After cleaning their weapons and making sure none of it was damaged, they moved on.
The tunnel wound forward another hundred meters or so, the glow of the walls fading and brightening like the monolith was sleeping, taking deep breaths and exhaling.
The jagged walls were growing wider and more irregular, as if the monolith had shifted over time.
Or as if something massive had crawled through them recently.
Then, they reached it.
The first split.
The path diverged ahead into two tunnels. One curved slightly to the left, the other to the right.
Both were lit, though the right tunnel's glow seemed to shift more intensely, like it was daring them to enter.
They stopped right at the intersection, weapons drawn just in case.
For a moment, no one said anything, then Galahad broke the silence.
"We take the left."
Leo glanced at the red-haired mage. "Why?"
"Come on, don't tell me you don't know." Galahad grunted.
"Don't know what?"
"It's common knowledge among monster hunters. Lower ranked monoliths, from D-rank downwards usually make the left paths easier, and the right paths are for stronger beasts."

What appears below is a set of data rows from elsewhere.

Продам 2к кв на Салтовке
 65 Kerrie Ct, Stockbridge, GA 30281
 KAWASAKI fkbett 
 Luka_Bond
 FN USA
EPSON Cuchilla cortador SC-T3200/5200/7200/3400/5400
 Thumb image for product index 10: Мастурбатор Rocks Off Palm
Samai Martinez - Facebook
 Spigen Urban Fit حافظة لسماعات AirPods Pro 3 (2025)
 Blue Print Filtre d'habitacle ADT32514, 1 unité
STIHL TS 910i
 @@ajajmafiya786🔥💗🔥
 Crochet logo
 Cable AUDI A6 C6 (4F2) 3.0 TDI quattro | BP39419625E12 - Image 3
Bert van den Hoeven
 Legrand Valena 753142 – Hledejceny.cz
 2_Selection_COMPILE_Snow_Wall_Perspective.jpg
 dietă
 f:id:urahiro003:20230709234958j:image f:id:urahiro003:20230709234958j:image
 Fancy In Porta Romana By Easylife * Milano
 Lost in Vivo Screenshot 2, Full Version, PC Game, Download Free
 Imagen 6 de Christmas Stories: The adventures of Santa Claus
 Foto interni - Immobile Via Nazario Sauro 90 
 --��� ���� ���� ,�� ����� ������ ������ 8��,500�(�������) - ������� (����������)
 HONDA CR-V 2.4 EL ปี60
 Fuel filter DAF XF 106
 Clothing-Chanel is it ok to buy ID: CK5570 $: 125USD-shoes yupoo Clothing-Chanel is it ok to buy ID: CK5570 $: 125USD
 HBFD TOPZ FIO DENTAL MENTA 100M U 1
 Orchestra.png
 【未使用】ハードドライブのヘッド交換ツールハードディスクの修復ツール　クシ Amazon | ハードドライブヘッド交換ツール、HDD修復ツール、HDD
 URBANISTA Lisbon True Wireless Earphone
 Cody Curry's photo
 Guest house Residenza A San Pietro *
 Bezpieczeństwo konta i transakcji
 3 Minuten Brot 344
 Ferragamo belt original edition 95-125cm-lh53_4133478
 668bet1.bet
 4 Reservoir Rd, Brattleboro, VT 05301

"While the higher ranked monoliths, from C-rank and above, they usually form with the tougher monsters in the right tunnels."
Leo didn't argue. He already knew Galahad was much more knowledgeable than him when it came to things like this.
Cal nodded. "I think I heard the same thing a few years ago when I visited a monster hunter guild with my dad. Stick to the left until we've cleared enough to make a better call."
"We could find weaker beasts, but more in number," Bronn added.
"Better than one monster strong enough to rip us apart," Arlo muttered.
Noah looked down both paths, then glanced at the rest of the group. "I guess we're going left."
Without further discussion, they turned toward the left passage.
As they walked through it, the glow of the walls stabilized, but they were dimmer, always leaving spots of darkness ahead of them.
They walked on, trying to make as little noise as possible.
They would inevitably face monsters, but being quiet meant that at least, they won't be ambushed.
They moved quietly through the tunnel, boots crunching softly against the rocky floor.
The deeper they went, the narrower the path became. Until, suddenly, it widened again.
They stepped into a small chamber.
It had a low ceiling, with jagged walls and uneven floors.
Another tunnel lay directly opposite them, leading deeper into the monolith's maze of passageways.
But it wasn't the tunnel that caught their attention.
It was the bodies.
All across the chamber lay the curled, dried husks of Bullet Spiders.
They were scattered haphazardly, legs tucked inward, some torn open down the middle.
Others had blackened holes in their carapaces, as though something had punched clean through them.
Some were split in half. All of them looked long dead, their chitin dull and shriveled.
Noah bent low beside one of them, eyes narrowing. "They've been drained."
"They're not fresh," Galahad muttered behind him, stepping into the chamber carefully. "But they're not that old either. Few days at most."
Leo cursed under his breath. "No venom sacs left. These corpses are worthless."
Arlo whistled low, scanning the destruction. "Something did a number on them."
Galahad nodded. "It happens sometimes. A monolith isn't usually home to just one kind of beast. Different monsters can be scattered across the same territory. Most of the time, they avoid each other, each one holding their own spaces… but sometimes, they fight."
"Over territory?" Noah asked.
"Territory, food, instinct," Galahad replied. "Doesn't really matter. When it happens, it's usually like this."
"Whatever did this," Cal murmured, eyes narrowing, "I don't want to meet it."
Bronn grunted in agreement.
Leo took the lead again, stepping over a collapsed husk as he gestured toward the tunnel ahead.
"Nothing to gain here, folks. Let's keep moving."
They carefully stepped through the aftermath, boots crunching over the dried limbs and crumpled shells of the spiders.
But as they left the chamber behind, a small truth was already taking root in their mind.
Something worse than Bullet Spiders lived in this monolith.
And they might be heading straight for it.